ENTRIES PROVIDED
..............................

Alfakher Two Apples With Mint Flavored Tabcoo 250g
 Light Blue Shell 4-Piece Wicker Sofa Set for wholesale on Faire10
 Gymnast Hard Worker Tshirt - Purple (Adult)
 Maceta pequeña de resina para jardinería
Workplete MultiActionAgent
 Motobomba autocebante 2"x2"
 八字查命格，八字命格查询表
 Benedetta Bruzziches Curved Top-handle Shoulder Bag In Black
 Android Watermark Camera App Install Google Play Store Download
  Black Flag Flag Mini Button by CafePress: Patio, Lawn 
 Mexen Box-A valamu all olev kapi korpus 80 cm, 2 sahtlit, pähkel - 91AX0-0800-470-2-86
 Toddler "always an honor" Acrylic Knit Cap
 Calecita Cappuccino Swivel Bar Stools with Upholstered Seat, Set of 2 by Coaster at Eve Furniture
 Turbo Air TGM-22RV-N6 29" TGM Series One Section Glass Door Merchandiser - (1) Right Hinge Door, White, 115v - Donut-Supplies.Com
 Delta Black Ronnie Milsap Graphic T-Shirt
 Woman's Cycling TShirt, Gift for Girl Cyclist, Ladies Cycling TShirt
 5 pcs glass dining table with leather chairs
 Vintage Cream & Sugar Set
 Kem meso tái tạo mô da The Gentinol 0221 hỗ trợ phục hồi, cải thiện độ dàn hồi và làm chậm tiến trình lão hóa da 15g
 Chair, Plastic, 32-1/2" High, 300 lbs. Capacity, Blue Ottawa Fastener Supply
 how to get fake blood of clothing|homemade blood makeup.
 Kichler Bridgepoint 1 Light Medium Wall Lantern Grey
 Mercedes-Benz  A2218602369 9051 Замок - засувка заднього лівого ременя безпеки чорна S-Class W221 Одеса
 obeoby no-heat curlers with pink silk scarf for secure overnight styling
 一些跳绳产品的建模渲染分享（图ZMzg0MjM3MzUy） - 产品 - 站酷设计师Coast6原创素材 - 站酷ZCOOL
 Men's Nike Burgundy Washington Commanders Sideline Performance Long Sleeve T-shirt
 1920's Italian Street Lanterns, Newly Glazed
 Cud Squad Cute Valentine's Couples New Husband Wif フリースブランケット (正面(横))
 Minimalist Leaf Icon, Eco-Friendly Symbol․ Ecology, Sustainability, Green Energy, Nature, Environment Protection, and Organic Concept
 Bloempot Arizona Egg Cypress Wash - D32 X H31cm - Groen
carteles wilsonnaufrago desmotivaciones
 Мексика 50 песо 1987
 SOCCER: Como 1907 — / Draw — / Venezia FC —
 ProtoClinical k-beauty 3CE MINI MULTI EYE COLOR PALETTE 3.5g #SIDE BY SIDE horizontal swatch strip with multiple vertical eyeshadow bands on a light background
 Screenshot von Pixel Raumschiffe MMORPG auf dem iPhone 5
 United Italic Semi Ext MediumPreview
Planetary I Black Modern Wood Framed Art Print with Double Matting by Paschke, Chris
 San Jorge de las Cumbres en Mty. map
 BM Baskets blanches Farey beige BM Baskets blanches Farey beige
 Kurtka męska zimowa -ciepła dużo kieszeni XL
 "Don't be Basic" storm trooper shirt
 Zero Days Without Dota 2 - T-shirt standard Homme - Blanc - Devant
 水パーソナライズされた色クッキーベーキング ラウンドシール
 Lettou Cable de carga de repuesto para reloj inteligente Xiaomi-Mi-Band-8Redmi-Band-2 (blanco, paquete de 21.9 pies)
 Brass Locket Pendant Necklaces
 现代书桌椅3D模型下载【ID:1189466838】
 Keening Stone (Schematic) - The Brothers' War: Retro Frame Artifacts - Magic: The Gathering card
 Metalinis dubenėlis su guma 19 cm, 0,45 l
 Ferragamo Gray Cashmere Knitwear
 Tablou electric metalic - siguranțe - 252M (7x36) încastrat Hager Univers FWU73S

..............................

PROMPT
Exactly and in full, write out the lines from the one containing "Planetary I Black" through the end of the listing.

SOLUTION BELOW
Planetary I Black Modern Wood Framed Art Print with Double Matting by Paschke, Chris
 San Jorge de las Cumbres en Mty. map
 BM Baskets blanches Farey beige BM Baskets blanches Farey beige
 Kurtka męska zimowa -ciepła dużo kieszeni XL
 "Don't be Basic" storm trooper shirt
 Zero Days Without Dota 2 - T-shirt standard Homme - Blanc - Devant
 水パーソナライズされた色クッキーベーキング ラウンドシール
 Lettou Cable de carga de repuesto para reloj inteligente Xiaomi-Mi-Band-8Redmi-Band-2 (blanco, paquete de 21.9 pies)
 Brass Locket Pendant Necklaces
 现代书桌椅3D模型下载【ID:1189466838】
 Keening Stone (Schematic) - The Brothers' War: Retro Frame Artifacts - Magic: The Gathering card
 Metalinis dubenėlis su guma 19 cm, 0,45 l
 Ferragamo Gray Cashmere Knitwear
 Tablou electric metalic - siguranțe - 252M (7x36) încastrat Hager Univers FWU73S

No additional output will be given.